WHAT NEEDS TO BE DONE. Leaving out the images, please reproduce each line below exactly.

COLLECTED MATERIAL.
.....

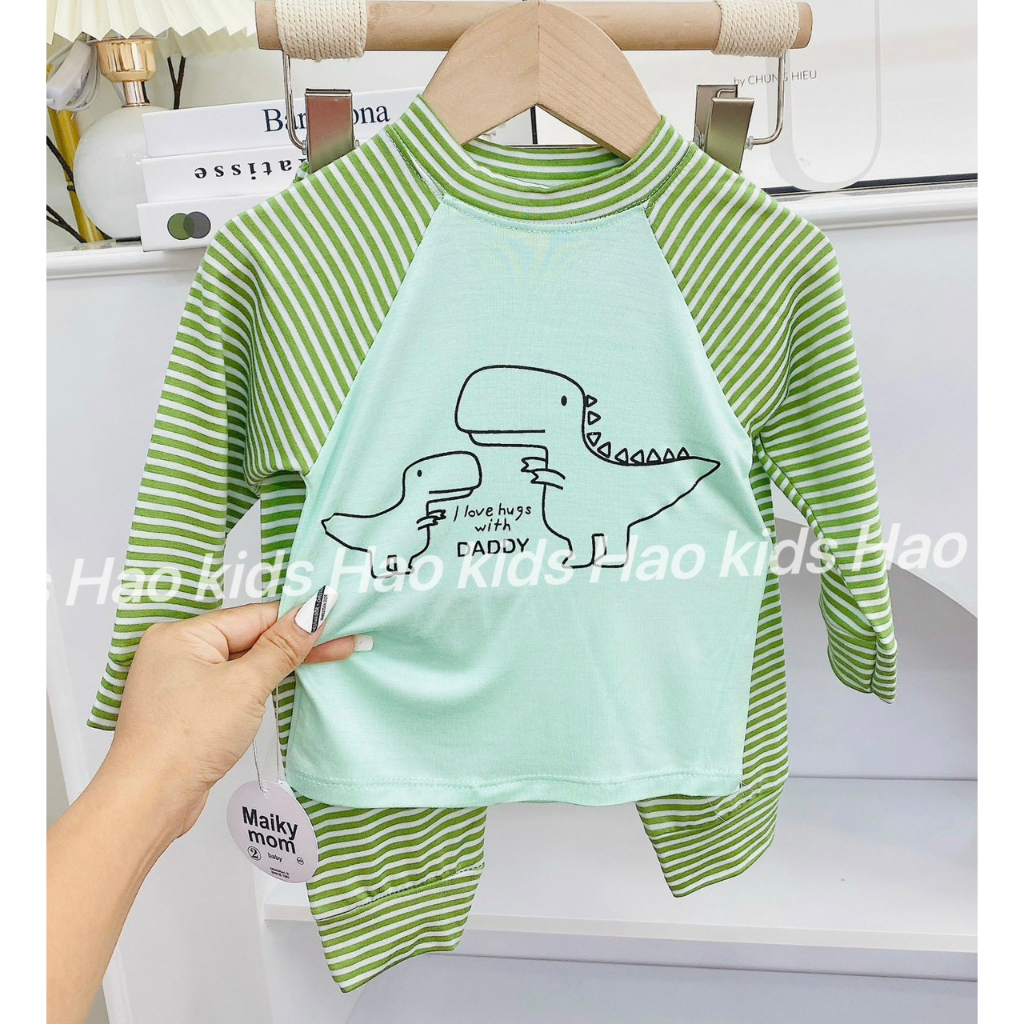 Bộ quần áo dài tay thu đông, mặc điều hòa, chất thun lạnh mềm mịn cho bé trai và bé gái BD82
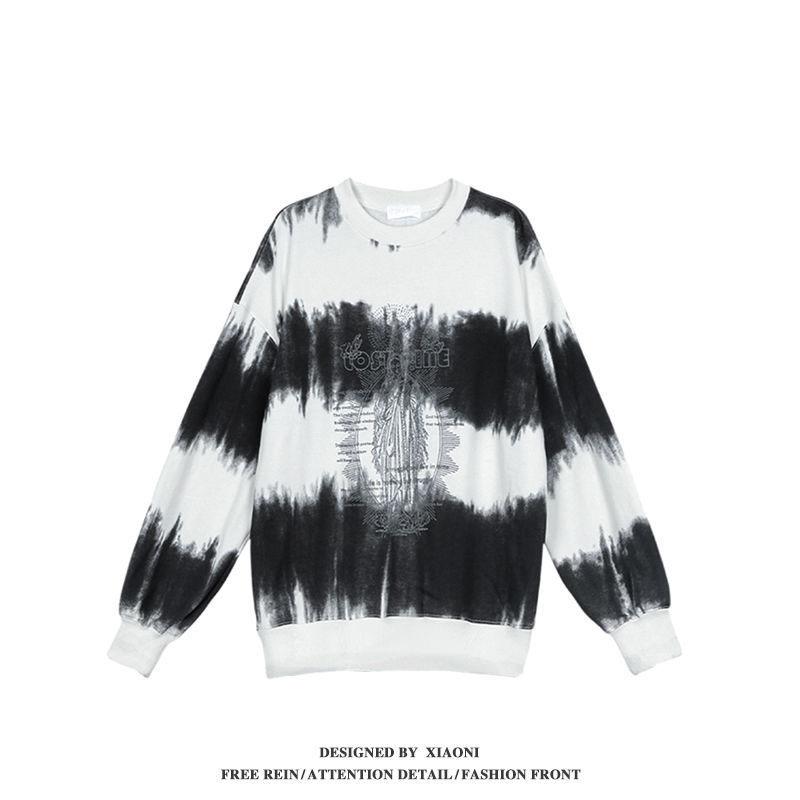 Personalized Tie-dye Printed Sweatshirt Women's Mid-length O-neck Loose Pullover Hoodies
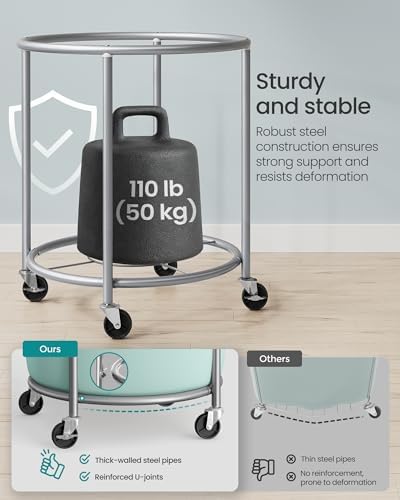SONGMICS Laundry Basket, Rolling Steel Frame with 2 Locking Wheels, 190 L - Image 7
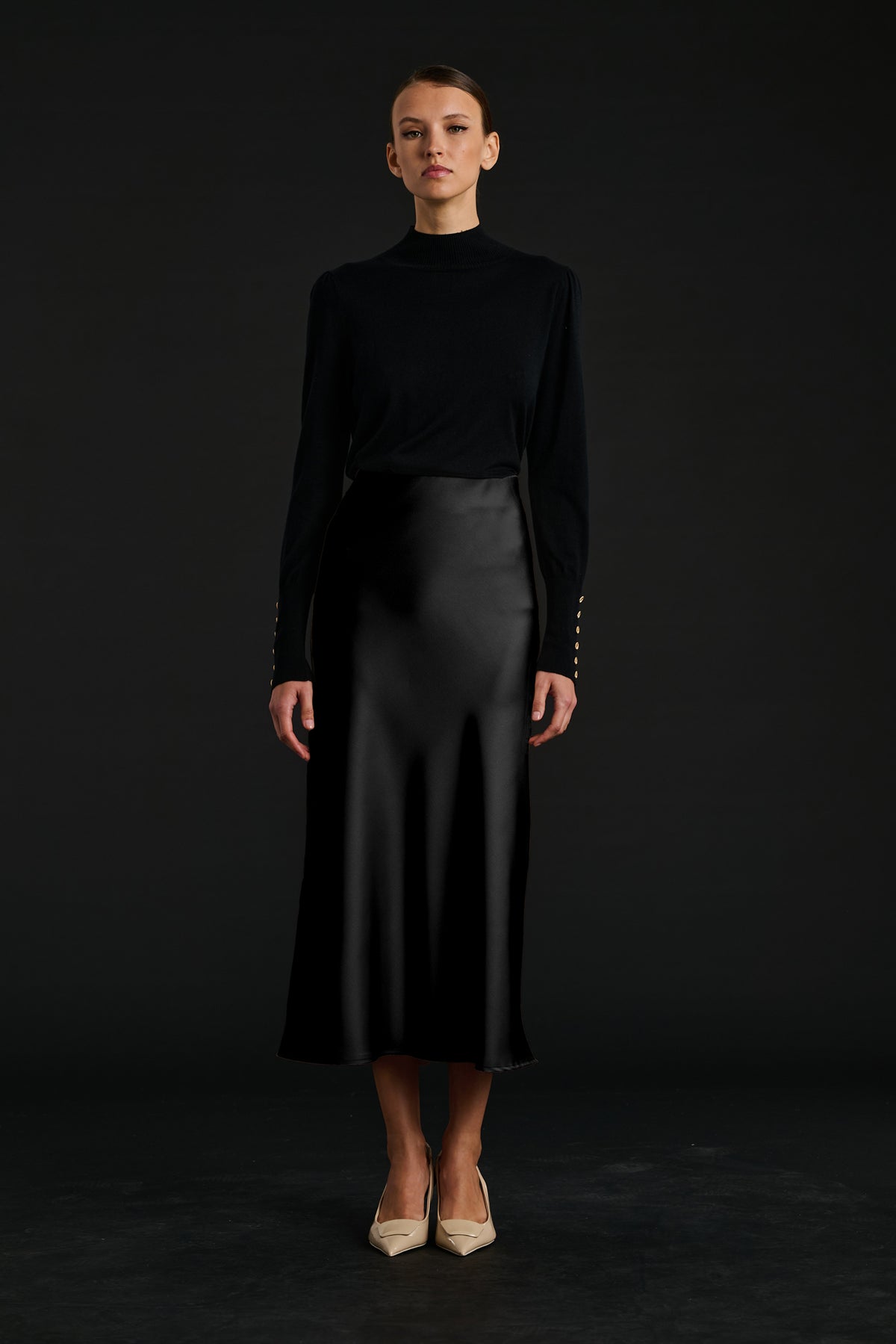 Jupe longue en satin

.....

REPLY.
 Bộ quần áo dài tay thu đông, mặc điều hòa, chất thun lạnh mềm mịn cho bé trai và bé gái BD82
 Personalized Tie-dye Printed Sweatshirt Women's Mid-length O-neck Loose Pullover Hoodies
SONGMICS Laundry Basket, Rolling Steel Frame with 2 Locking Wheels, 190 L - Image 7
 Jupe longue en satin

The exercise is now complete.